Posted: Oct 01, 2010

Silk surprise

(Nanowerk News) New neutron research at the Institut Laue-Langevin (ILL) has revealed that the proteins making up silkworm silk have unexpected properties: effectively the proteins become more concentrated as they are diluted. The study published earlier this month in the RSC journal Soft Matter ("Small angle neutron scattering of native and reconstituted silk fibroin") is a big step forward in understanding the amazing properties of silks and how to synthesise them.
There has long been interest in how a silk fibre is assembled from unspun protein precursors, but research has been hampered because it is difficult to obtain large enough quantities of 'native' samples (ie fresh from the worm) and few techniques are capable of investigating the structure of such large biological molecules.
Usually proteins are stable at a concentration of approximately 1mg/ml. As the concentration increases, say to 5-10mg/ml, proteins usually start to aggregate.
In this case, the scientists from Oxford and Lund found that the silk precursor proteins' behaviour is completely counterintuitive. Native concentration inside the worm can be up to 400mg/ml. "This is an extraordinarily high concentration for the proteins to remain stably dispersed throughout the solution," says Dr Cedric Dicko, a French biochemist working both in England and Sweden. "Even stranger, as the concentration drops the proteins begin to expand and flow, until they eventually clump together – this is the reverse of what we'd expected."
At the native concentration the proteins form a compact helical structure with a radius of gyration of about 90nm; as they are diluted they unfold until they are 130nm in size. In the lab, the effect is a like a neat ball of string becoming unravelled into a big mess that ties itself in knots. However, the silkworms are able to control this process so that the proteins are spun into highly ordered silk filaments as they unfold and begin to flow. This surprising observation is a vital step towards understanding the liquid precursor, which is essential to synthesise silk and develop new materials with silk's desirable mechanical properties. The key lies in the detail, ie how stable is the precursor, and how is it is structurally and chemically modified during the spinning process?

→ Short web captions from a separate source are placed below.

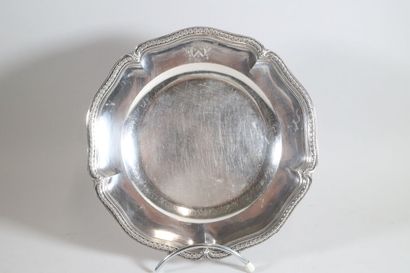 null Silver plate, contoured edge with frieze of ovals and interlacing. Wing engraved...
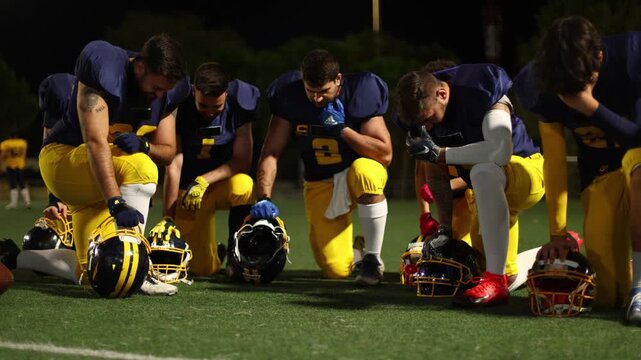 American football team kneeling in prayer before a game at night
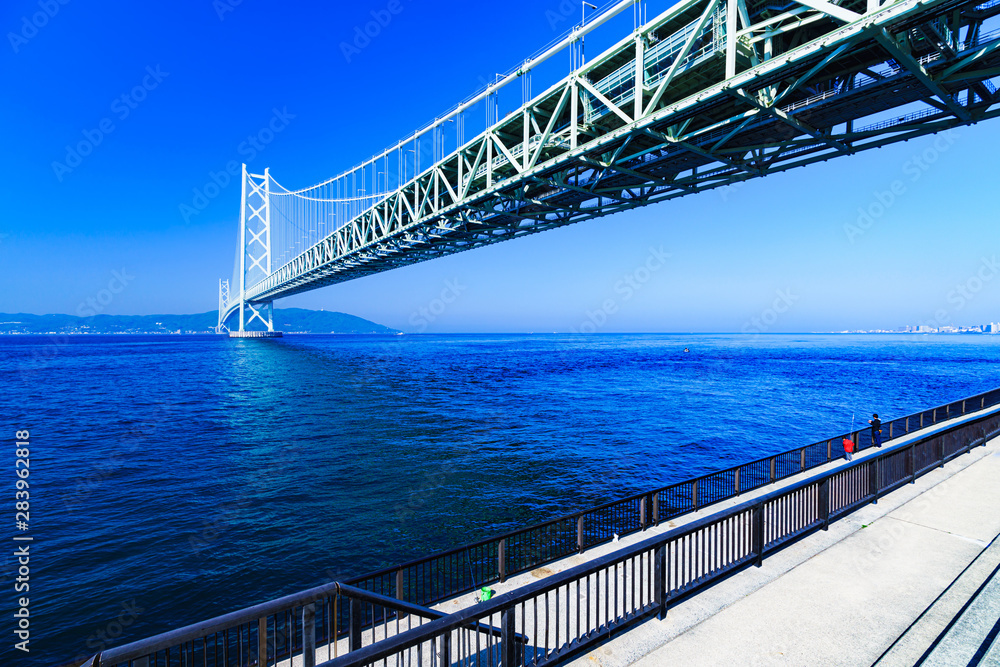 Landscape of family angler in the background of Akashi Kaikyo Bridge in the summer morning Landscape of family angler in the background of Akashi Kaikyo Bridge in the summer morning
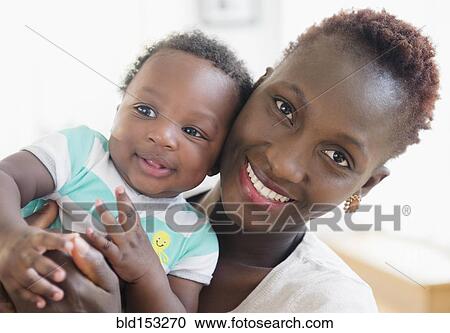 Stock Image - Close up of Black mother and son smiling. Fotosearch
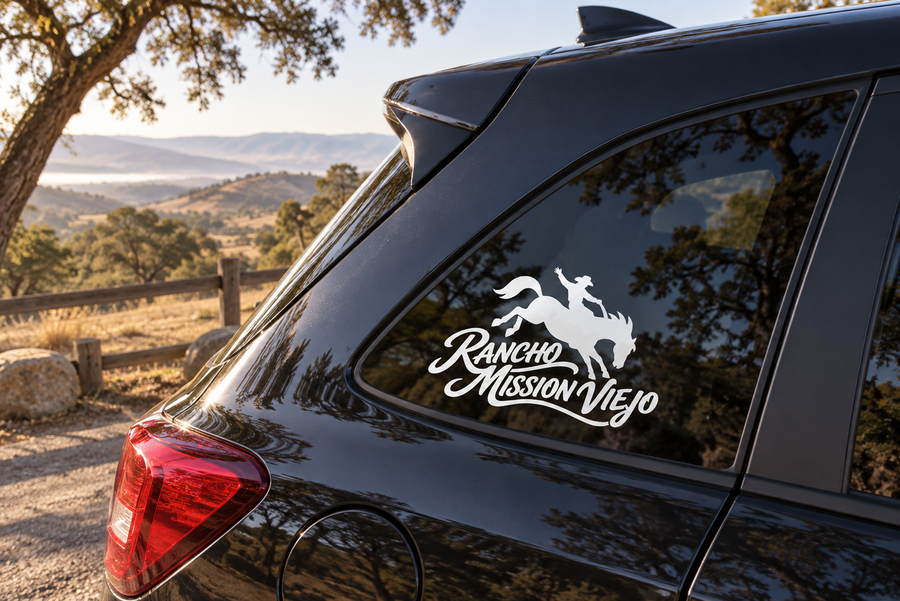 Vinyl window decal with Rancho Mission Viejo lettering and cowboy on horseback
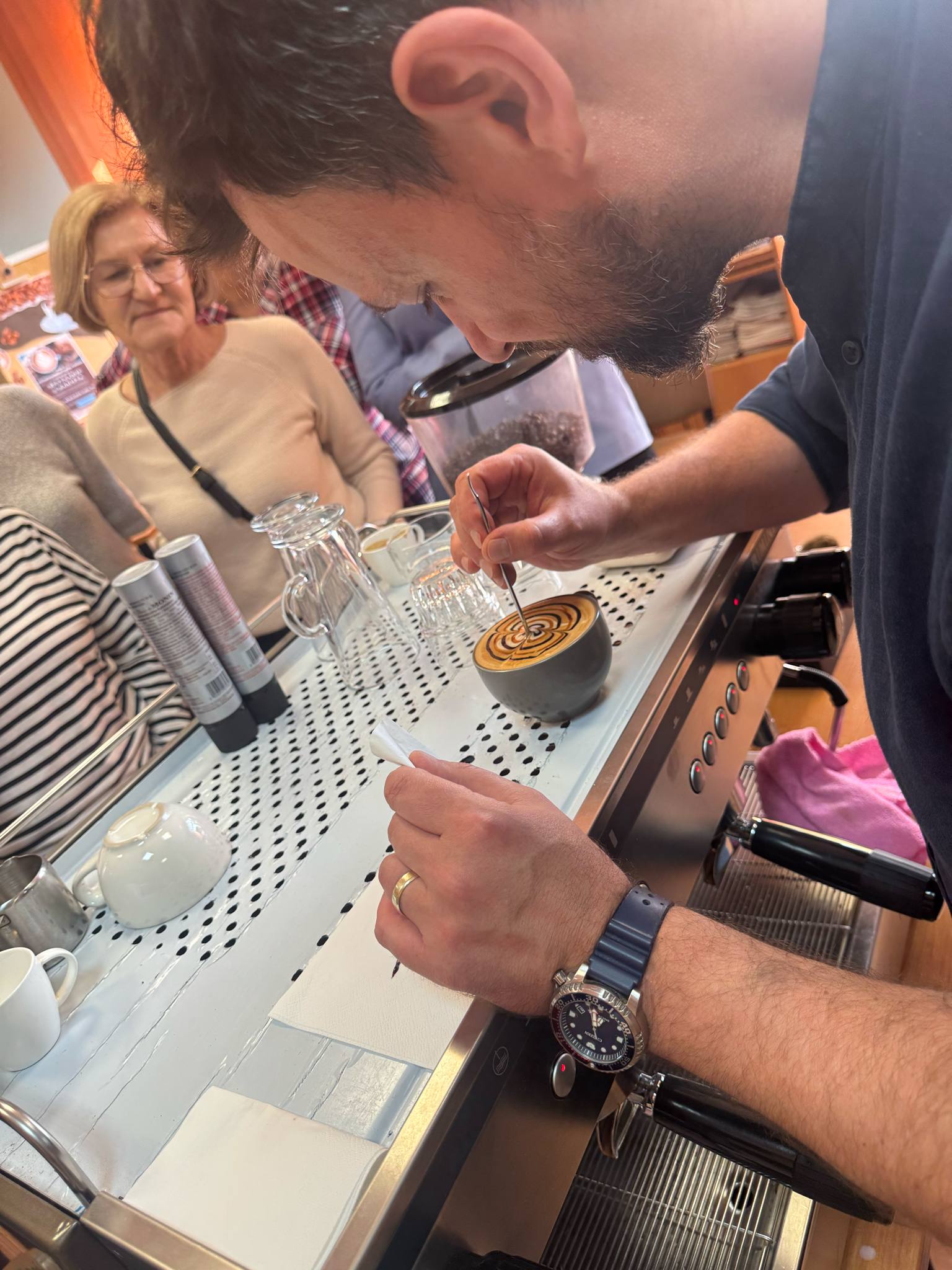 barista maluje wzór na kawie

The new insights also help to explain problems with previous studies based on 'regenerated' silk proteins. It is known that regenerated proteins (obtained by breaking down cocoon fibres with high salt concentrations) are of a smaller size and lower quality than native precursor proteins. Regenerated 'silks' are used because they may lead toward the commercialisation of spinning silk 'waste'. The new observations by the Oxford/Lund team allow the regenerated proteins to be compared with the native precursors. "It finally gives us a benchmark," says Dicko. "It shows that concentration affects the proteins' behaviour and therefore the type of material that can be produced, explaining the different results between research groups."
"Small angle neutron scattering was used to examine these large biological proteins in solution and was the only way to get this information," says Dr Phil Callow, one of ILL's instrument scientists. "There are also other advantages to using neutrons – because they have no charge they do not cause any observable damage to biological samples. This means the same samples could subsequently be examined with the few other applicable methods."